REQUIRED WORK: Beginning at the line containing "東京都渋谷区本町5【アパート】の外観" in the material below and ending at the line containing "Polo Ralph Lauren - Casual Pant - 9", return each line exactly and add nothing.

- - - - -

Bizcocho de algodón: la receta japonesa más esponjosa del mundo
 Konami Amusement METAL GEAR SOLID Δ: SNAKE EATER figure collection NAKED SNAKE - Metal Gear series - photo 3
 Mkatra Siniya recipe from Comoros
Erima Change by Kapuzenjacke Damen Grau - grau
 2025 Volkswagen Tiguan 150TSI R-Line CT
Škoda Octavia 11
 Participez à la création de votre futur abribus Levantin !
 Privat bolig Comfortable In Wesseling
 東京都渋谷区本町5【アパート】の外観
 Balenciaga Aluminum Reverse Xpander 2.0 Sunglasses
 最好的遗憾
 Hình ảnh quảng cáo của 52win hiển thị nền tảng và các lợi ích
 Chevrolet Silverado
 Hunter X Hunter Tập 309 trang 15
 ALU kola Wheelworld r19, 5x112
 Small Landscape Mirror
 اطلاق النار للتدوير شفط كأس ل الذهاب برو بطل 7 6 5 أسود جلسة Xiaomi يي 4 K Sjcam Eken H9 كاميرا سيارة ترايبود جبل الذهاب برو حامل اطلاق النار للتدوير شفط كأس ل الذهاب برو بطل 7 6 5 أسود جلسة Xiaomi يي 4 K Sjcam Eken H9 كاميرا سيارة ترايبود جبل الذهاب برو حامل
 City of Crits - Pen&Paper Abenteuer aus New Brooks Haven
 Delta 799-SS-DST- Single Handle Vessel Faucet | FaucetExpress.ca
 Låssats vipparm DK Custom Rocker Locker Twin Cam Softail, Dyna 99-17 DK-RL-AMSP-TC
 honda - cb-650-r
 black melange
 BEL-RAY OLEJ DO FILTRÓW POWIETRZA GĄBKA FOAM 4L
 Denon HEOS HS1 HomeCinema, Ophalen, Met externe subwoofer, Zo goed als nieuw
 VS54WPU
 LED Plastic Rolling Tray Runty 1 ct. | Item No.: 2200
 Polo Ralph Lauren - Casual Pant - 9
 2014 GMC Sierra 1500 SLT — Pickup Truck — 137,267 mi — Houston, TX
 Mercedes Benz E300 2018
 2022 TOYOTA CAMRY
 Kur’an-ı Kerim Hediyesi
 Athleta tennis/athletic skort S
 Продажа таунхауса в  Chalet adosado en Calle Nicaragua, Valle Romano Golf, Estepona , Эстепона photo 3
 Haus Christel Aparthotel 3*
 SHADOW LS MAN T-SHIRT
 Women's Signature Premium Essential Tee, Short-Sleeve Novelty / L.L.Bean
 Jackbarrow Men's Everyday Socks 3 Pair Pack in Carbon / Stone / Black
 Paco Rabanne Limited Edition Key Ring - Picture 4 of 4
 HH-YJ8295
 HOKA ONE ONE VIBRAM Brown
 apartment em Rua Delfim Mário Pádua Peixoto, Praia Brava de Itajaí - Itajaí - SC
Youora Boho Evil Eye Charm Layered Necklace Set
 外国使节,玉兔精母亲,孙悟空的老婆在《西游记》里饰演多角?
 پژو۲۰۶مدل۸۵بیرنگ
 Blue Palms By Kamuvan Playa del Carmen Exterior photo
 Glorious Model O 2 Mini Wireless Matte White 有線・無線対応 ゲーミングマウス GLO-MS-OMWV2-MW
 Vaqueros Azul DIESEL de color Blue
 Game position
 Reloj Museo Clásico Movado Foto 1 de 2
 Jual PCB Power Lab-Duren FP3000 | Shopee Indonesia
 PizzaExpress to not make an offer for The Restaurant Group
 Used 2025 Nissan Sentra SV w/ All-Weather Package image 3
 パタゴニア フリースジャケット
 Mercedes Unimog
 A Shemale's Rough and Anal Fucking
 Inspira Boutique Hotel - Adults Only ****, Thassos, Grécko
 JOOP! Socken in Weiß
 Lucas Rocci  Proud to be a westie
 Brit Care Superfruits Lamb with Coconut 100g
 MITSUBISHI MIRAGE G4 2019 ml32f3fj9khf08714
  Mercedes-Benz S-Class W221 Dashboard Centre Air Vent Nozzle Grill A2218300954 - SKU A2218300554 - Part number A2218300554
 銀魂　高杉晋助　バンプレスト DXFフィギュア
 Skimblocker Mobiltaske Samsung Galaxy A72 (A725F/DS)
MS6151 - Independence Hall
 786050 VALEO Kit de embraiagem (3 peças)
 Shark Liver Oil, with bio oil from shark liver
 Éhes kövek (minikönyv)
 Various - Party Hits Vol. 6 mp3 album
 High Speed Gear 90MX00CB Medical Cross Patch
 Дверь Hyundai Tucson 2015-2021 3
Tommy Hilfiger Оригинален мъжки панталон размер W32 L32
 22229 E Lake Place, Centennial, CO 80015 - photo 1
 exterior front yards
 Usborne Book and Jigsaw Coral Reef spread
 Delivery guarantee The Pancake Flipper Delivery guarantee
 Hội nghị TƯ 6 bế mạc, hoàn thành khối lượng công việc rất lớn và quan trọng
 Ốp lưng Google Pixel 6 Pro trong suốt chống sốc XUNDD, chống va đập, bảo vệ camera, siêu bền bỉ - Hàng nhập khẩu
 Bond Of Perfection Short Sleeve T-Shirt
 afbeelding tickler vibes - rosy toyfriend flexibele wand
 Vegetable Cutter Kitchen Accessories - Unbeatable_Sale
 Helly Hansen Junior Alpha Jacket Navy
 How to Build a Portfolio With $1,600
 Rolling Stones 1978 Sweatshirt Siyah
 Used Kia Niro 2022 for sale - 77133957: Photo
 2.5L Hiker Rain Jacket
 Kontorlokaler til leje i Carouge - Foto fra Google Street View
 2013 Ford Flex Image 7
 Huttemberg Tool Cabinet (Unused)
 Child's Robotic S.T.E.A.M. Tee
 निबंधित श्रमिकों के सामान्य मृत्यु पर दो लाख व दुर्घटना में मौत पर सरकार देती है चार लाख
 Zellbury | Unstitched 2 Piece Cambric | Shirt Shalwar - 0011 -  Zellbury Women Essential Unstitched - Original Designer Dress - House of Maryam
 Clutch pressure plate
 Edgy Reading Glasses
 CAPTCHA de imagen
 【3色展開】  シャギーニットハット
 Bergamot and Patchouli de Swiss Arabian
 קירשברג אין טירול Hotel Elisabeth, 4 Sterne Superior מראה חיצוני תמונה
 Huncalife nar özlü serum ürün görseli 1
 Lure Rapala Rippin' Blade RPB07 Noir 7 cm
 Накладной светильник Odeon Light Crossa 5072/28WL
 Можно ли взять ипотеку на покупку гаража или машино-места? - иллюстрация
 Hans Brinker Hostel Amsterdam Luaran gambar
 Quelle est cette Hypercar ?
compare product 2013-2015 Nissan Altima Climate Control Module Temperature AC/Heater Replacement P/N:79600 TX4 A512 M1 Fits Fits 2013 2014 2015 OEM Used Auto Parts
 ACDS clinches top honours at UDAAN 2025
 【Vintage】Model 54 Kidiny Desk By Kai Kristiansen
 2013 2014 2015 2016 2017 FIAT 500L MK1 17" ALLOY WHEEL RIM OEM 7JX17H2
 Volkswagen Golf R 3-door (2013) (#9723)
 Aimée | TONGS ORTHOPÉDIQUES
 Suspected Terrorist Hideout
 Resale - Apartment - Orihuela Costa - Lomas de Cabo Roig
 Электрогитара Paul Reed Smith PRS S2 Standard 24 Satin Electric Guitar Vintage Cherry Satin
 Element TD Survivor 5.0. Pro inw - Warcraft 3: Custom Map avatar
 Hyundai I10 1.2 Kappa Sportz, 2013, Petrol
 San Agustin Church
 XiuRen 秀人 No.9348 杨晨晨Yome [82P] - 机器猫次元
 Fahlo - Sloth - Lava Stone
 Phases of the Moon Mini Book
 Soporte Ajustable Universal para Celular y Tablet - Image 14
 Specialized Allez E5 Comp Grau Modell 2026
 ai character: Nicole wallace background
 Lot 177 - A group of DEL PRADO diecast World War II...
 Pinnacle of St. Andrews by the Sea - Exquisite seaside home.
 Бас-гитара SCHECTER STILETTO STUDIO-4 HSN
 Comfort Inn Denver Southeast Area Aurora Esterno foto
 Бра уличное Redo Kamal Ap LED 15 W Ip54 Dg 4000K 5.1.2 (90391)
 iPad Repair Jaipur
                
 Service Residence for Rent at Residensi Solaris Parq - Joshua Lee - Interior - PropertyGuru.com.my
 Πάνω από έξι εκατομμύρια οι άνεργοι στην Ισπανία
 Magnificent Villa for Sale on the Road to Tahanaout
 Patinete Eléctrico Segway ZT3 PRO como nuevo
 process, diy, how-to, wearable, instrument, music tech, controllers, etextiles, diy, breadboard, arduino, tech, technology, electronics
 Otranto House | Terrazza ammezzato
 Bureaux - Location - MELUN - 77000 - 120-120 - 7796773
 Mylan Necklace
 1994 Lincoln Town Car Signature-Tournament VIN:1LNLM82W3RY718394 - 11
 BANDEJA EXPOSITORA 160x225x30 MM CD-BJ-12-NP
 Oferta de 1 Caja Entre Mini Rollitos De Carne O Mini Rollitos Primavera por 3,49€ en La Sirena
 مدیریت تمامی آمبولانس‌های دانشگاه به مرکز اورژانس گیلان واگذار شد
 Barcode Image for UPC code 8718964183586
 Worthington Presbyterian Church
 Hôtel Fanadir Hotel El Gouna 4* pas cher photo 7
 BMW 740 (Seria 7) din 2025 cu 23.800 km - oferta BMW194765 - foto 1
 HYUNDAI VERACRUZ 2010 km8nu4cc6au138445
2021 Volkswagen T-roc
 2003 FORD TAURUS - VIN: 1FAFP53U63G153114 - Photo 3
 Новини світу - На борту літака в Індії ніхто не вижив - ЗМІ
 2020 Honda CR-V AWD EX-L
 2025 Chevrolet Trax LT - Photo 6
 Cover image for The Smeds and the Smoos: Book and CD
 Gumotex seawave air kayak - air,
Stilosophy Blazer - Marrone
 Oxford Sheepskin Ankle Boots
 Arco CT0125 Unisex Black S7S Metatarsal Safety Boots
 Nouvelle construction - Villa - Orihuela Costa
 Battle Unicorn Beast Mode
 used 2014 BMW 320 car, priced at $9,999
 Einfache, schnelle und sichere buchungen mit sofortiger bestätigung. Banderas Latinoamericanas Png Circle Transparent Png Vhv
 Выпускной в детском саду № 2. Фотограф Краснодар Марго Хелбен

- - - - -

RESPONSE BELOW:
 東京都渋谷区本町5【アパート】の外観
 Balenciaga Aluminum Reverse Xpander 2.0 Sunglasses
 最好的遗憾
 Hình ảnh quảng cáo của 52win hiển thị nền tảng và các lợi ích
 Chevrolet Silverado
 Hunter X Hunter Tập 309 trang 15
 ALU kola Wheelworld r19, 5x112
 Small Landscape Mirror
 اطلاق النار للتدوير شفط كأس ل الذهاب برو بطل 7 6 5 أسود جلسة Xiaomi يي 4 K Sjcam Eken H9 كاميرا سيارة ترايبود جبل الذهاب برو حامل اطلاق النار للتدوير شفط كأس ل الذهاب برو بطل 7 6 5 أسود جلسة Xiaomi يي 4 K Sjcam Eken H9 كاميرا سيارة ترايبود جبل الذهاب برو حامل
 City of Crits - Pen&Paper Abenteuer aus New Brooks Haven
 Delta 799-SS-DST- Single Handle Vessel Faucet | FaucetExpress.ca
 Låssats vipparm DK Custom Rocker Locker Twin Cam Softail, Dyna 99-17 DK-RL-AMSP-TC
 honda - cb-650-r
 black melange
 BEL-RAY OLEJ DO FILTRÓW POWIETRZA GĄBKA FOAM 4L
 Denon HEOS HS1 HomeCinema, Ophalen, Met externe subwoofer, Zo goed als nieuw
 VS54WPU
 LED Plastic Rolling Tray Runty 1 ct. | Item No.: 2200
 Polo Ralph Lauren - Casual Pant - 9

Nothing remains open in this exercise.